Robinson Crusoe on Mars (Byron Haskin / U.S., 1964):

The beauty of this lies in Byron Haskin's vision of the red planet as a transparent study of Death Valley, filmed by Winton C. Hoch like early drafts for Zabriskie Point. The stranded astronaut (Paul Mantee) feels "a bit like Columbus" before the alien landscape, with only a woolly monkey by his side he sets out to rediscover and tame air, water, fire. Mars is a jagged desert bursting with fireballs, its caves are slanted with psychedelic crystals and its skies veer from blazing crimson to orange to yellow. (Elements from the polar caps, the aurora borealis and even the Emerald City are incorporated in detailed composite arrangements.) Oxygen out of heated rocks and pepperoni out of oasis reeds and "Dixie" out of makeshift bagpipes, still the hardest test for Neo-Crusoe is solitude, his own voice is no compensation ("Mr.
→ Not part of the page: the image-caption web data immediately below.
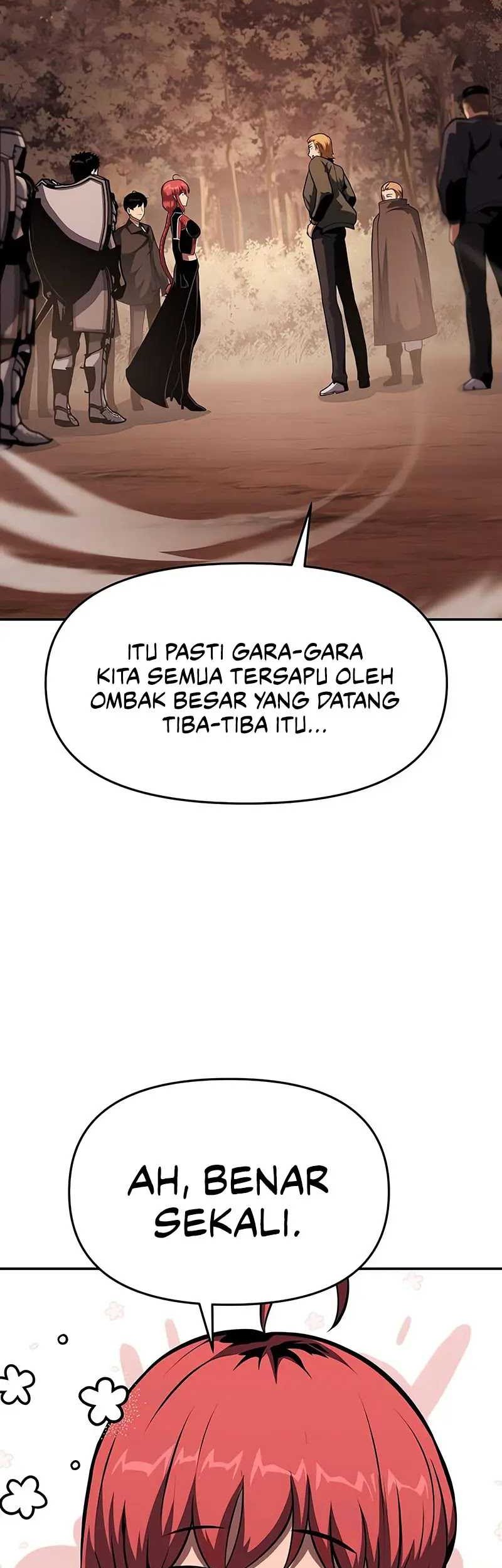 The Knight King Who Returned with a God Chapter 56 - halaman 20
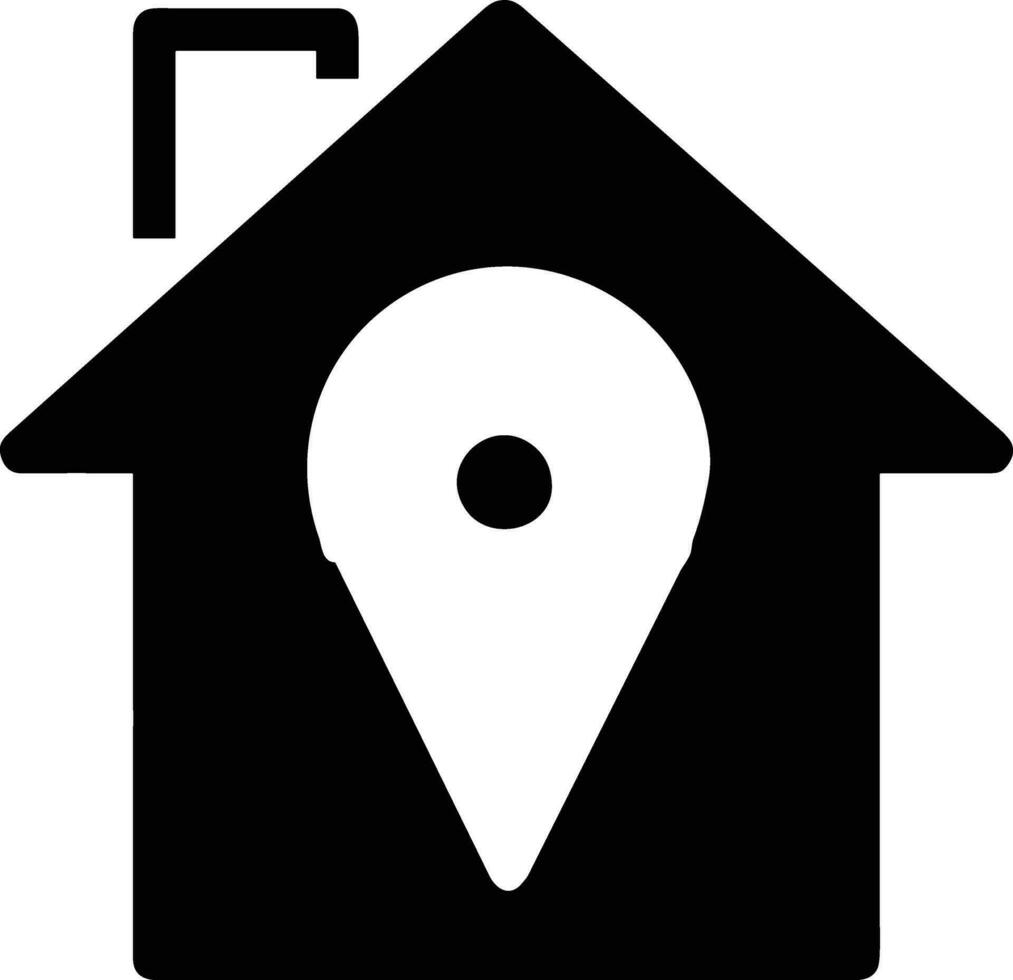 Home homepage icon symbol vector image. Illustration of the house real estate graphic property design image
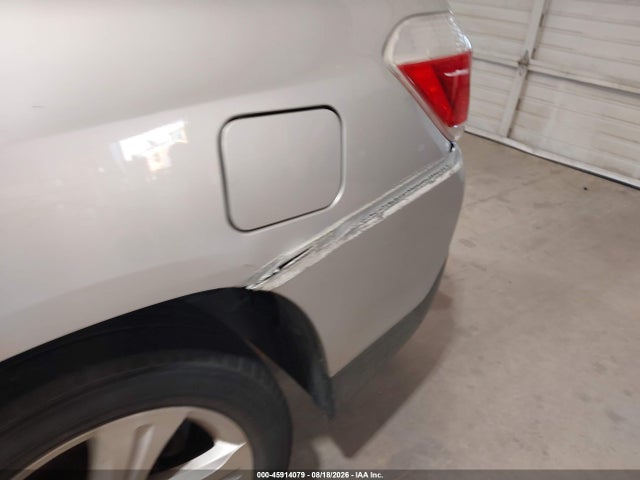 45914079 :رقم المزاد ، 5TDZK3EH6DS092882 vin ، 2013 Toyota Highlander Se V6 مزاد بيع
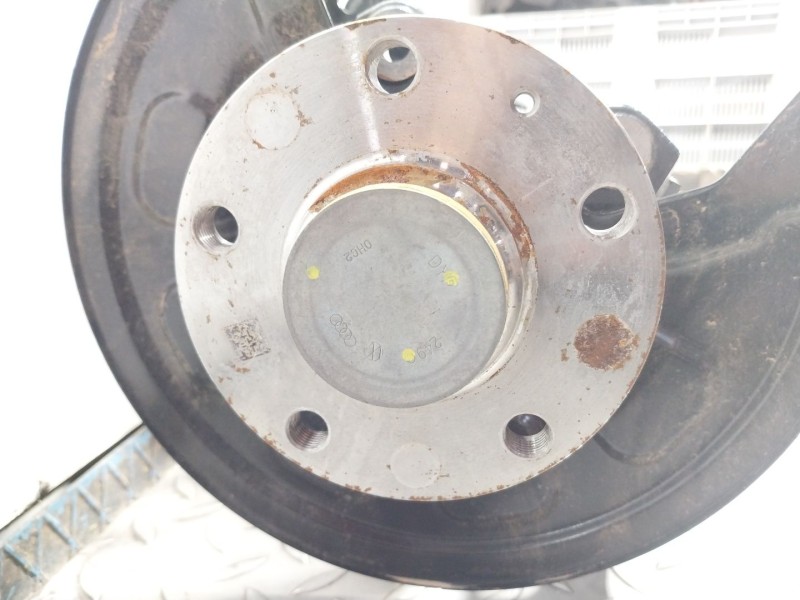 Recambio de puente trasero para volkswagen caddy v furgoneta/monovolumen (sba, sbh) 2.0 tdi bmt referencia OEM IAM   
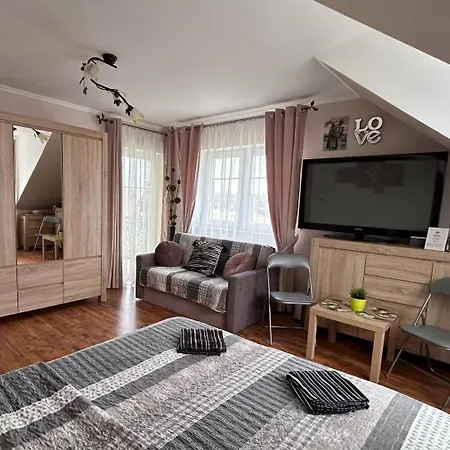 Homestay Kanarek Ustka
Echo, go to hell"). The dream in which he is visited by his late co-pilot (Adam West) is triggered by indigestion and concluded much like Buñuel ended his sequence of island delirium, with a simple reverse track to a desolate wide shot. The marauding space vessels from War of the Worlds reappear with darting speed out of a nightmare, Friday (Victor Lundin) is a runaway slave in pyramid-builder regalia who graduates from servant to comrade after saving the earthling's life during a storm of blackened cereal flakes. "What's the matter? No scientific curiosity?" Sprinkled with analog ingenuity and laidback surrealism, this was largely dismissed as an outdated chunk of sci-fi when it's actually a prophetic fantasy and a crucial link between The Ten Commandments (the undulating flame in the grotto crevasse) and 2001: A Space Odyssey (matted-in panoramas of interplanetary excavation). Herzog in Fata Morgana is certainly an admirer.